Nothing about us without us: Reflections from the launch of the Expert by Experience Action Group
On December 10th, International Human Rights Day, we launched our first meeting of the Expert by Experience Action Group (EEAG) on the Deinstitutionalisation of Mental Health Care. As a group that brings together people from around the world who have lived experience with institutionalisation, either directly or indirectly as a family member or caregiver, this group is the first of its kind where experts by experience will be centrally placed to coordinate targeted actions to advocate for the transition from the overreliance on institutional models towards rights-based, primary and community-based mental health care. We will provide evidence, policy guidance, and advocacy support to national partners and international organizations, with the aim of influencing legislation, financing priorities, and service delivery models.
People with lived experience have often and historically been relegated to the sidelines when it comes to decisions that directly impact them. For too long, the system and the actors that operate within them have made decisions for us, overriding our preferences and undermining our right to have a say in matters that affect us. And yet, despite this systemic and institutional resistance towards including people with lived experience and lack of acknowledgement of lived experience as a valid and essential form of knowledge - holding its own weight in epistemological currency - people with lived experience have a long history and deep roots in challenging the status quo, disrupting the system, and making their voices heard.
This action group, then, aims to build from past movements of change. From my vantage point, it feels as though we’re finally reaching an inflection point where we’re starting to see the shift towards realizing that as a collective field, we cannot begin to meaningfully transform the system without the deliberate inclusion of people who have personal and intimate experiences of navigating through them - not just as peripheral supporting characters, but as leaders, decision-makers, advocates, and experts in their own right - with a seat at the table and a voice that is heard.

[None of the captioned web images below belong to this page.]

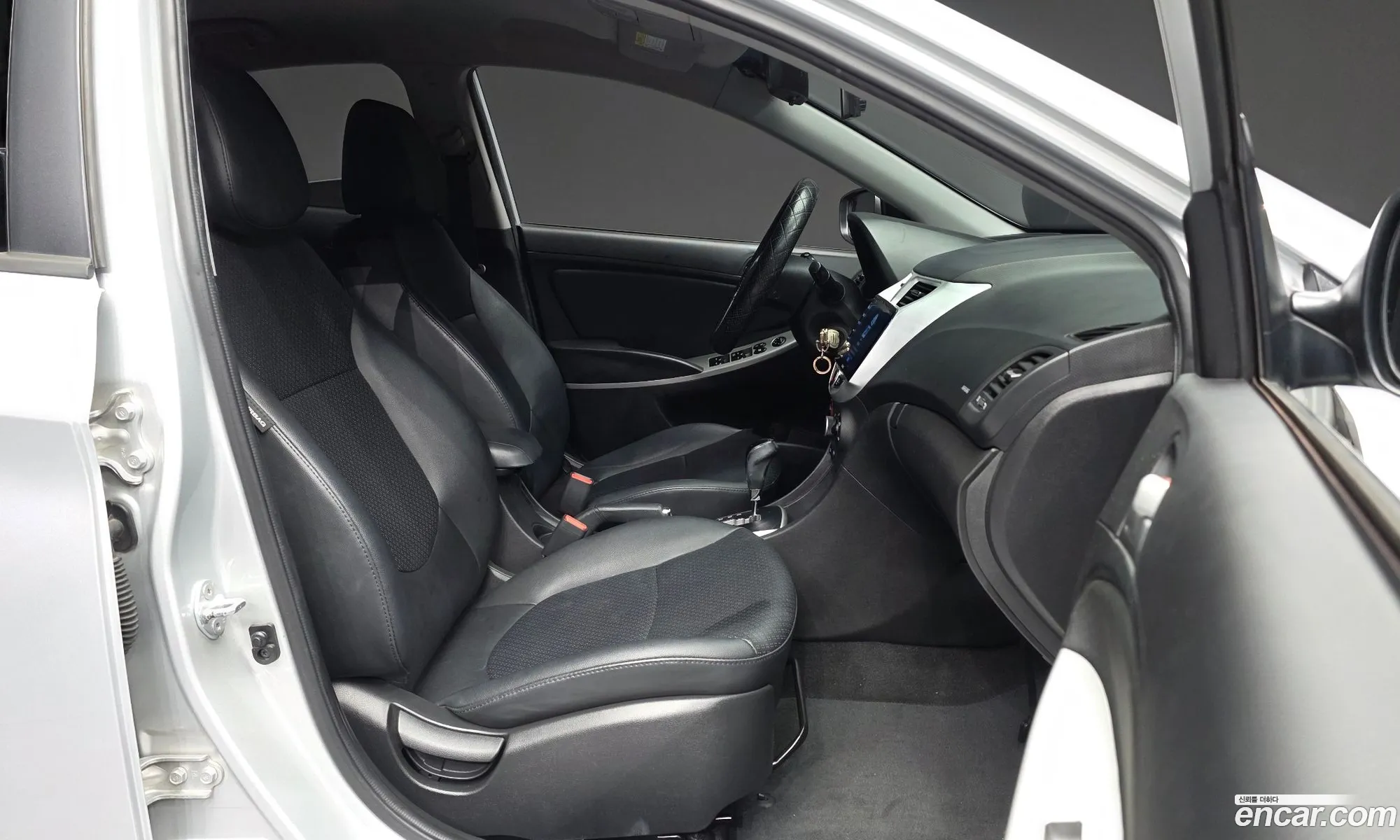Hyundai Accent 2013 KMHCS41UBEU571192 — 12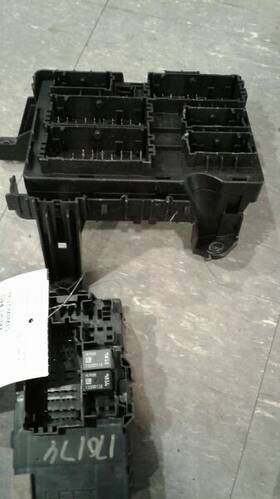 663.gm8m15 Chevrolet Truck Silvrdo15 2015 Fuse Box Cabin 609813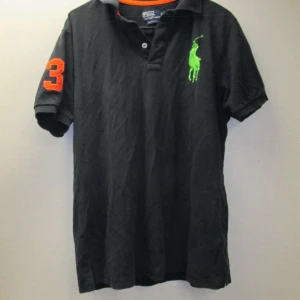 Vintage Chief Keef Style Polo - Chief Keef Style Vintage Polo Shirt Väldigt bra skick 300kr Storlek: L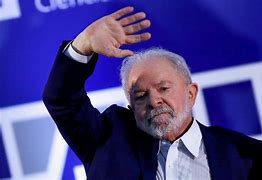 Lula reaparece após crise de labirintite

The first meeting of the EEAG on December 10th was powerful. Members called in from their respective countries, including the UK, Pakistan, Sierra Leone, Denmark, Peru, and Indonesia, to name a few. They spoke about their desire to transform a system that currently perpetuates fear into a system that generates hope. They shared their stories, vignettes of their lived experiences that have brought them into this advocacy work in their local communities, through the Global Mental Health Action Network, and beyond. We also went around the room and shared one word that best encapsulates how we want to show up as a collective and as individuals, part of this EEAG moving forward. These words formed the basis of our shared values and what we want the spirit of our advocacy to embody, and are as follows:
community persistence empathy visibility
existence courage voice
resistance justice respect collaboration
defiance hope
There is an old adage that says, “we may have all come from different ships, but we’re in the same boat now.” It’s a phrase that comes to mind for me when I think about each of us in the EEAG. We have traversed our own separate journeys, often confronting impossible odds, and from the myriad of our lived experiences, upbringings, and cultures, have somehow found ourselves with a shared determination and commitment towards ending harmful, coercive practices and making mental health care more humane, compassionate, and centered around the principles of human rights, dignity, and respect.
We’re all in the same boat. So let’s keep rowing.